Incidemment, le blé et le seigle contenus dans les emballages nouvellement vendus seraient concassés plutôt que découpés. Cela signifie bien sûr qu’Arva Flour Mills doit acheter un broyeur à marteaux.
Conscients comme elle et il le sont de la nécessité de tenir compte de la demande des consommatrices et consommateurs, les deux copropriétaires achètent également l’outillage nécessaire à la production de farine sans gluten, ce que l’outillage d’origine du moulin est bien incapable de faire.

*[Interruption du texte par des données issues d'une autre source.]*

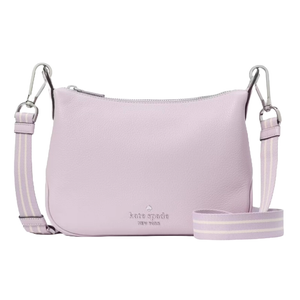 A light purple Kate Spade New York crossbody bag with a zip closure and an adjustable striped shoulder strap featuring metal clasps.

Incidemment, Arva Flour Mills n’est pas exactement un nouveau venu dans le secteur des minoteries. Voyez-vous, le moulin qu’elle exploite était, et est toujours, le plus ancien moulin à farine alimenté à l’eau en activité au Canada, ainsi qu’une des plus anciennes firmes encore en activité au Canada.
Croiriez-vous que ce moulin historique moud de la farine depuis 1819? Pour citer le titre, ici traduit, d’une chanson à succès de 1985 (!) du groupe pop rock britannique Eurythmics, est-ce que je vous mentirais?
Les copropriétaires actuels achètent le moulin à l’été 2021, au grand soulagement de nombreuses et nombreux résident(e)s d’Arva qui craignaient que des promoteurs de Toronto, de Vancouver ou de Chine ne l’achète et fassent quelque chose d’horrible à ce site historique, ce que quelques / plusieurs promoteurs du Canada et d’ailleurs sont connus pour faire à des lieux historiques au fil des ans, avec ou sans permis.
Le propriétaire du moulin au moment de sa vente tient heureusement autant à ce qu’il reste en activité que les particuliers qui souhaitent l’acquérir.
Donc, pour citer, hors contexte et en traduction le poète / dramaturge / acteur anglais William Shakespeare, tout est bien qui finit bien. Je dois maintenant y aller, alors, ta-ta.
L’auteur de ces lignes souhaite remercier toutes les personnes qui ont fourni des informations. Toute erreur contenue dans cet article est de ma faute, pas de la leur.